◆ **Your instructions**: Would you retype exactly the lines below, from the one containing "He has a hat" through the end of the entries, both ends included, but not the pictures?

◆ **Record excerpts**:
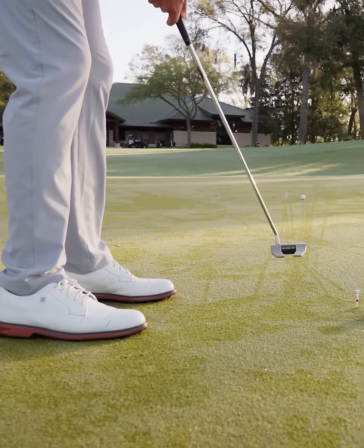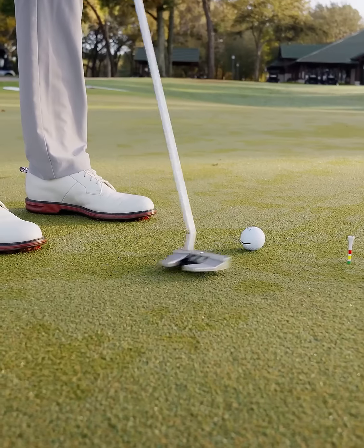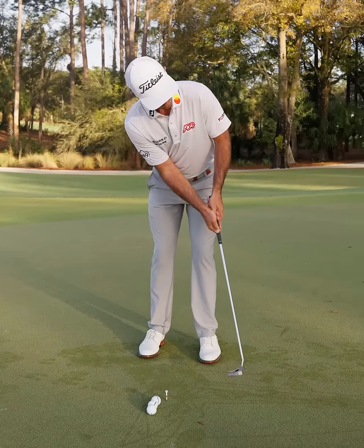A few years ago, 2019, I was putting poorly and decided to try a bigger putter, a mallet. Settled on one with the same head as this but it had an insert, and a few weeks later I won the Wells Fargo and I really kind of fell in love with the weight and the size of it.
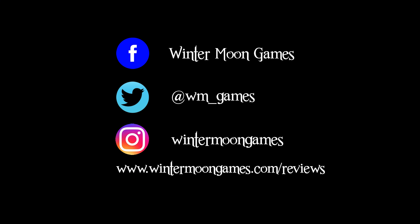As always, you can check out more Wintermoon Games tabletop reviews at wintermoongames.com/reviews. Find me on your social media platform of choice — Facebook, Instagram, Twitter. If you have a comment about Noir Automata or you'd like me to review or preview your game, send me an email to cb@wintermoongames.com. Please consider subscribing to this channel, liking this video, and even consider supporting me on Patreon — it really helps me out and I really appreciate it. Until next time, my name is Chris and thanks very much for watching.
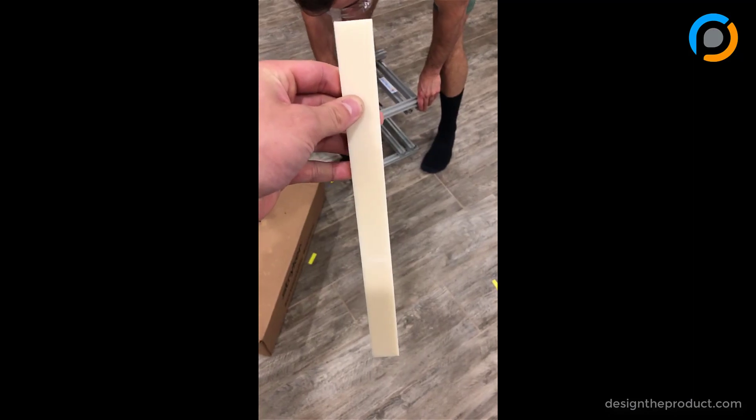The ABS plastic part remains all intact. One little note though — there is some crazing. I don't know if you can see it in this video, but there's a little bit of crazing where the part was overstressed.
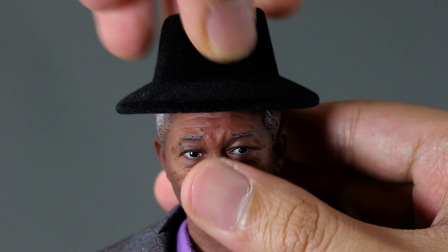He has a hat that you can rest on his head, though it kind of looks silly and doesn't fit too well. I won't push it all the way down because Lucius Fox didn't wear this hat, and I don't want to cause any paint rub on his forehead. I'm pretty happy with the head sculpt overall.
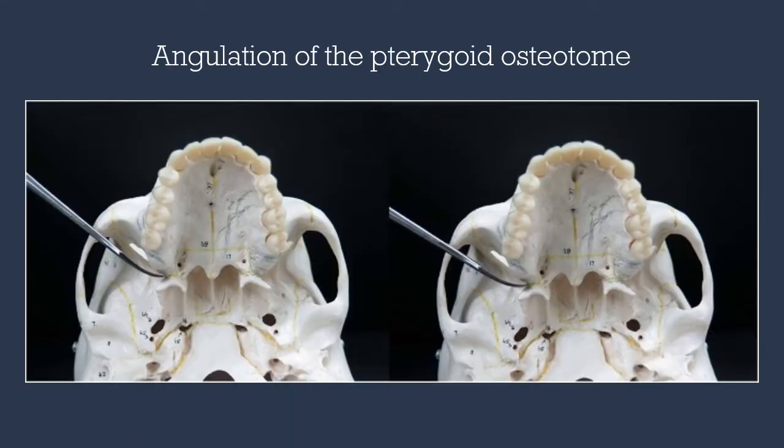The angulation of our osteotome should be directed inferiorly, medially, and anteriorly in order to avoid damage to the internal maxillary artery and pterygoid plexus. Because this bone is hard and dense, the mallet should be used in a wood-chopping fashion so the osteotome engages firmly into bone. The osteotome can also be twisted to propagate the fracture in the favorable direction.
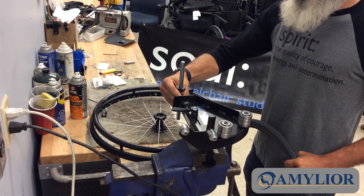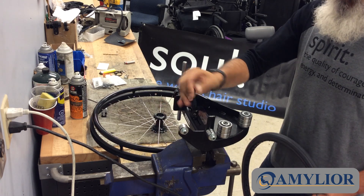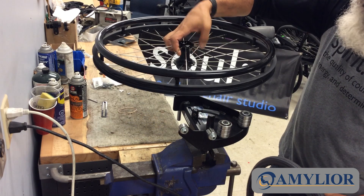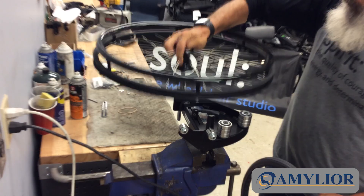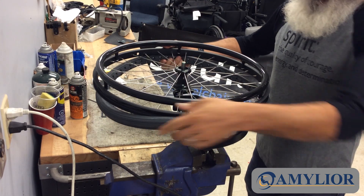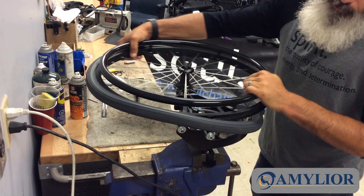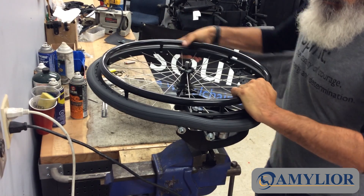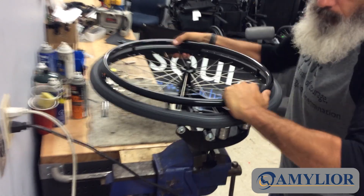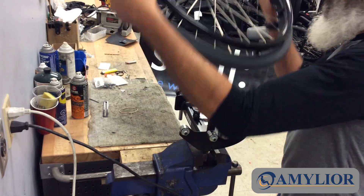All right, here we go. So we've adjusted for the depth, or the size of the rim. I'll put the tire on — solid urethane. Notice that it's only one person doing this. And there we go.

◆ **Exercise response**:
He has a hat that you can rest on his head, though it kind of looks silly and doesn't fit too well. I won't push it all the way down because Lucius Fox didn't wear this hat, and I don't want to cause any paint rub on his forehead. I'm pretty happy with the head sculpt overall.
The angulation of our osteotome should be directed inferiorly, medially, and anteriorly in order to avoid damage to the internal maxillary artery and pterygoid plexus. Because this bone is hard and dense, the mallet should be used in a wood-chopping fashion so the osteotome engages firmly into bone. The osteotome can also be twisted to propagate the fracture in the favorable direction.
All right, here we go. So we've adjusted for the depth, or the size of the rim. I'll put the tire on — solid urethane. Notice that it's only one person doing this. And there we go.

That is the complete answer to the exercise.